Provided material START

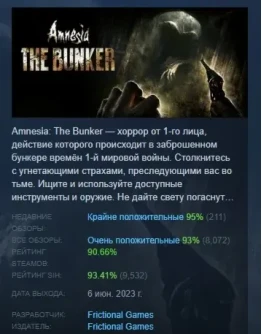 Amnesia: The Bunker STEAM KEY GLOBAL+РОССИЯ СТИМ ЛИЦЕНЗ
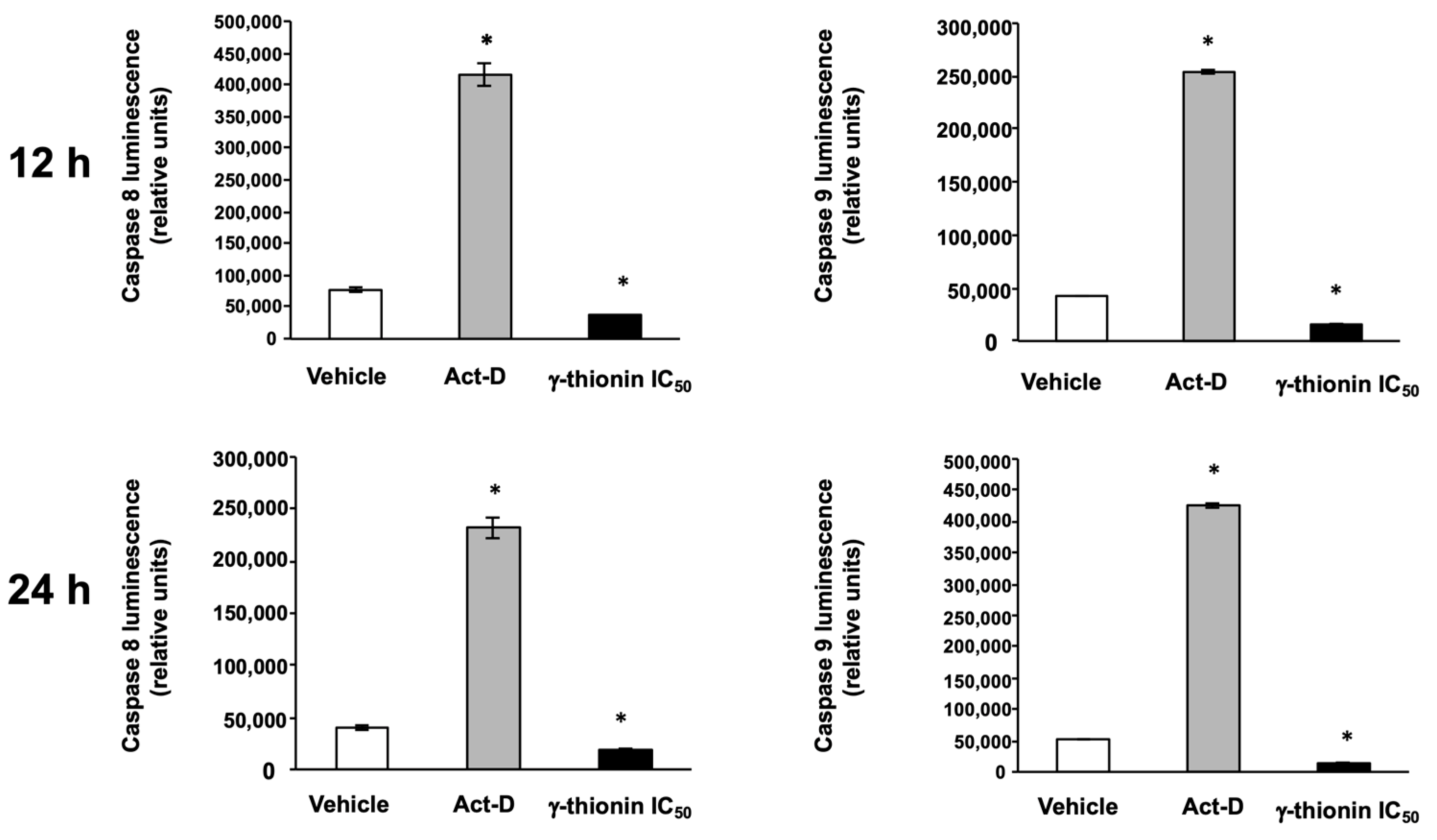 Molecules 28 03661 g004 Molecules 28 03661 g004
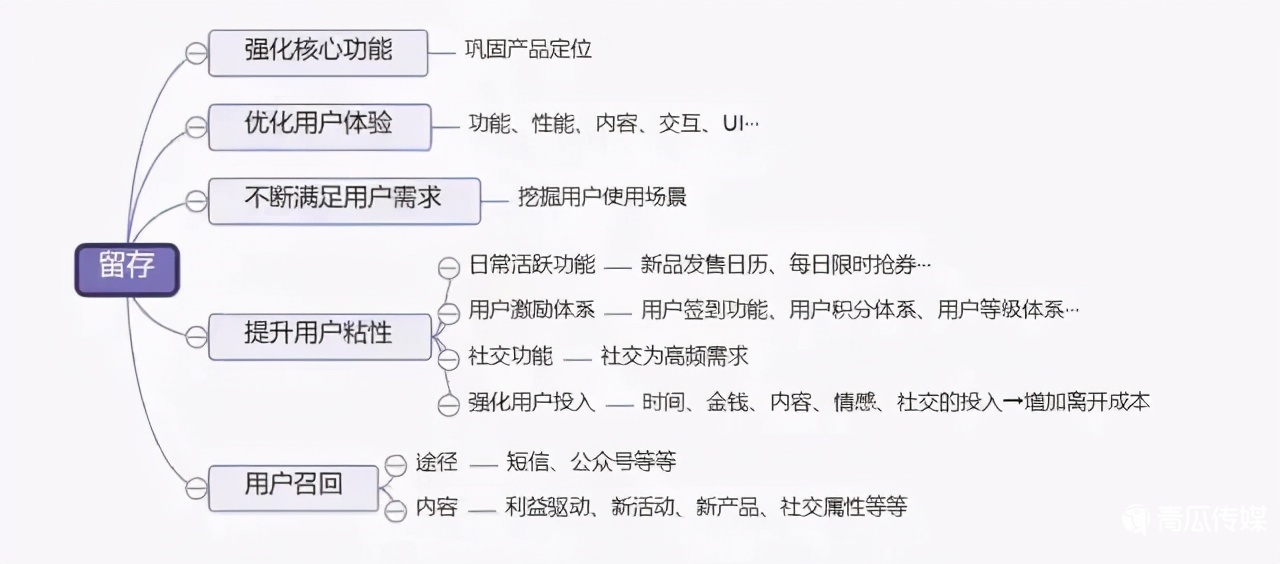 小程序运营推广策略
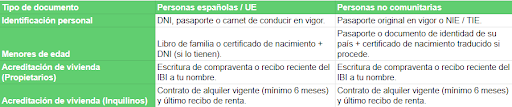 gestionar el empadronamiento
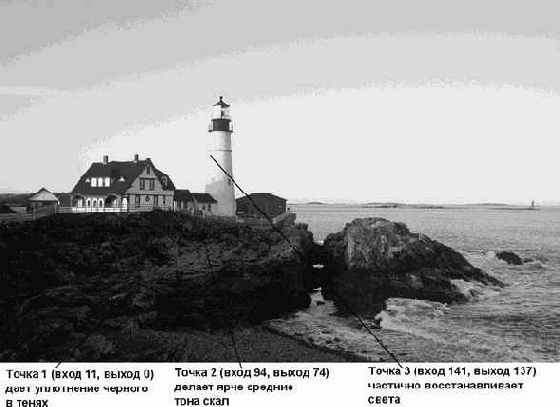 ����������� ��������� � ����������� ������� Curves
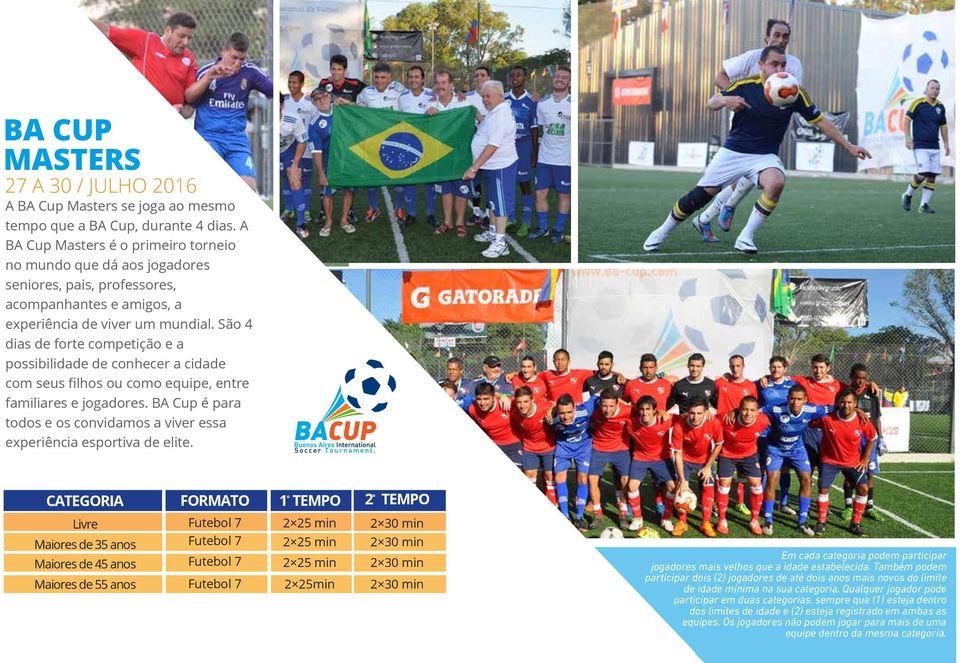 São 4 dias de forte competição e a possibilidade de conhecer a cidade com seus filhos ou como equipe, entre familiares e jogadores.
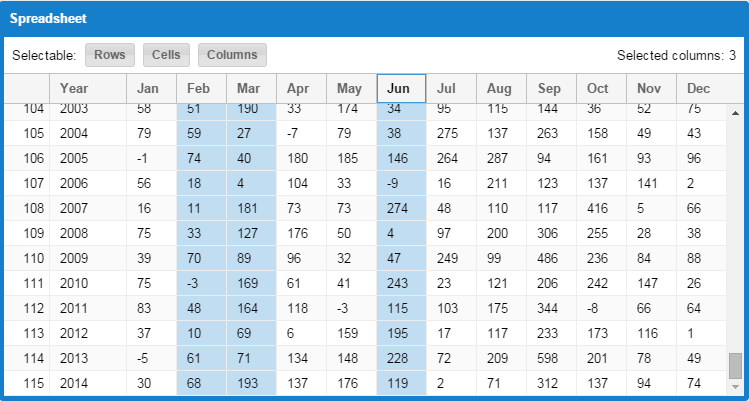 The Spreadsheet Selection Model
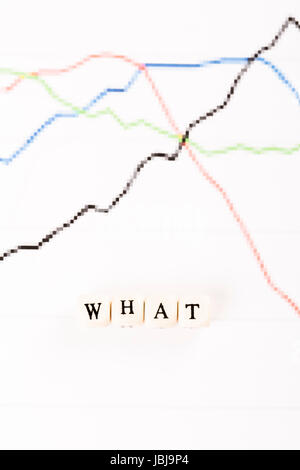 WHAT written with wood cubes letters on financial business graph Stock Photo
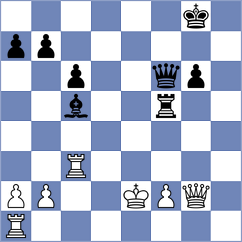 Olund - Brankovic (Chess.com INT, 2020)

Provided material END

• **What needs to be done**
When you write out the data, keep every line exact and drop the pictures.

• **Exercise response**
 Amnesia: The Bunker STEAM KEY GLOBAL+РОССИЯ СТИМ ЛИЦЕНЗ
 Molecules 28 03661 g004 Molecules 28 03661 g004
 小程序运营推广策略
 gestionar el empadronamiento
 ����������� ��������� � ����������� ������� Curves
 São 4 dias de forte competição e a possibilidade de conhecer a cidade com seus filhos ou como equipe, entre familiares e jogadores.
 The Spreadsheet Selection Model
 WHAT written with wood cubes letters on financial business graph Stock Photo
 Olund - Brankovic (Chess.com INT, 2020)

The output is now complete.